Katz and Zohar urge participation in Jerusalem gathering, which they will attend, assert that Israeli communities in Palestinian territory are only path to security
Times of Israel
Two Likud ministers are promoting an upcoming conference that calls for the re-establishment of Israeli settlements in the Gaza Strip as a way to boost security for Israel after the war against the Hamas terror group ends.
Tourism Minister Haim Katz and Sports and Culture Minister Miki Zohar have encouraged attendance at the conference, in which several other lawmakers from Prime Minister Benjamin Netanyahu’s ruling Likud party also plan to participate, the Ynet outlet reported Tuesday.
Ministers and lawmakers from the far-right Otzma Yehudit and Religious Zionism parties will also take part in the event.

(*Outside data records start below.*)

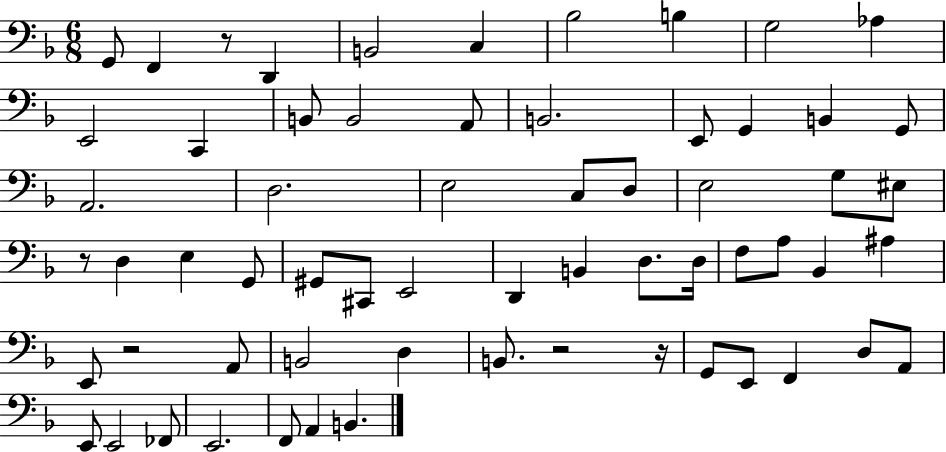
{
  \clef bass
  \numericTimeSignature
  \time 6/8
  \key f \major
  g,8 f,4 r8 d,4 | b,2 c4 | bes2 b4 | g2 aes4 | \break e,2 c,4 | b,8 b,2 a,8 | b,2. | e,8 g,4 b,4 g,8 | \break a,2. | d2. | e2 c8 d8 | e2 g8 eis8 | \break r8 d4 e4 g,8 | gis,8 cis,8 e,2 | d,4 b,4 d8. d16 | f8 a8 bes,4 ais4 | \break e,8 r2 a,8 | b,2 d4 | b,8. r2 r16 | g,8 e,8 f,4 d8 a,8 | \break e,8 e,2 fes,8 | e,2. | f,8 a,4 b,4. | \bar "|."
}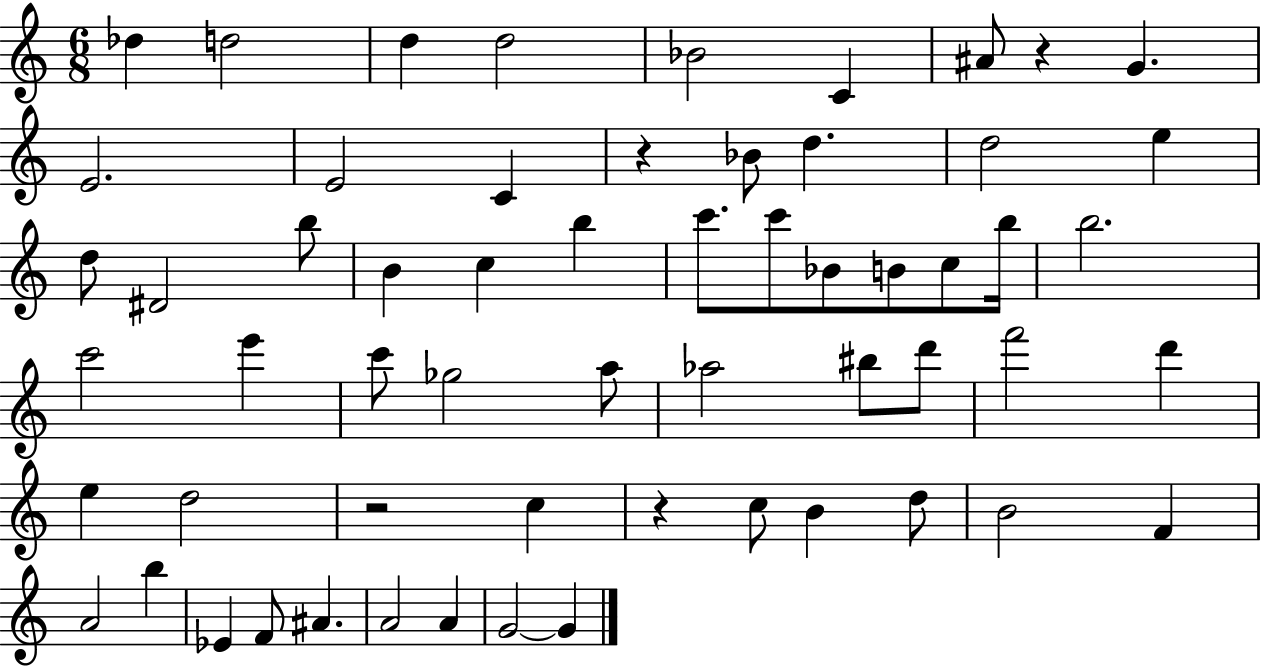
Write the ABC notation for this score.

X:1
T:Untitled
M:6/8
L:1/4
K:C
_d d2 d d2 _B2 C ^A/2 z G E2 E2 C z _B/2 d d2 e d/2 ^D2 b/2 B c b c'/2 c'/2 _B/2 B/2 c/2 b/4 b2 c'2 e' c'/2 _g2 a/2 _a2 ^b/2 d'/2 f'2 d' e d2 z2 c z c/2 B d/2 B2 F A2 b _E F/2 ^A A2 A G2 G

The conference, under the heading ‘Only settlement will bring security,’ is being organized by a group of movements that want to resettle Gaza, led by Samaria Regional Council head Yossi Dagan and the Nachala Settlement Movement. It is scheduled for Sunday at the International Convention Center in Jerusalem.
So far, Zohar and Katz, and Likud MKs Hanoch Milwidsky, Nissim Vaturi, Amit Halevi, Tally Gotliv, Etty Hava Atia, Moshe Passal and Ariel Kallner have all said they will attend, according to the report.
Israel’s mainstream leaders have repeatedly appeared to dismiss the idea of reestablishing settlements in Gaza, though the military campaign in the Strip to fell Hamas following the events of October 7 has raised hopes among some stalwarts of the settlement movement.
Israel withdrew from the Gaza Strip in 2005 and in the years since, Israel has faced repeated attacks, primarily Hamas, based in the coastal enclave. Alongside the evacuation from Gaza in 2005, several small outposts and settlements in the northern West Bank were emptied of their residents.
The Palestinians want the Gaza Strip as part of a future Palestinian state, excluding the presence of Israeli settlements in the enclave.
In a statement lauding the conference, Katz said reestablishing the settlements ‘will be a resolute message to our murderous enemies that we will never be broken.’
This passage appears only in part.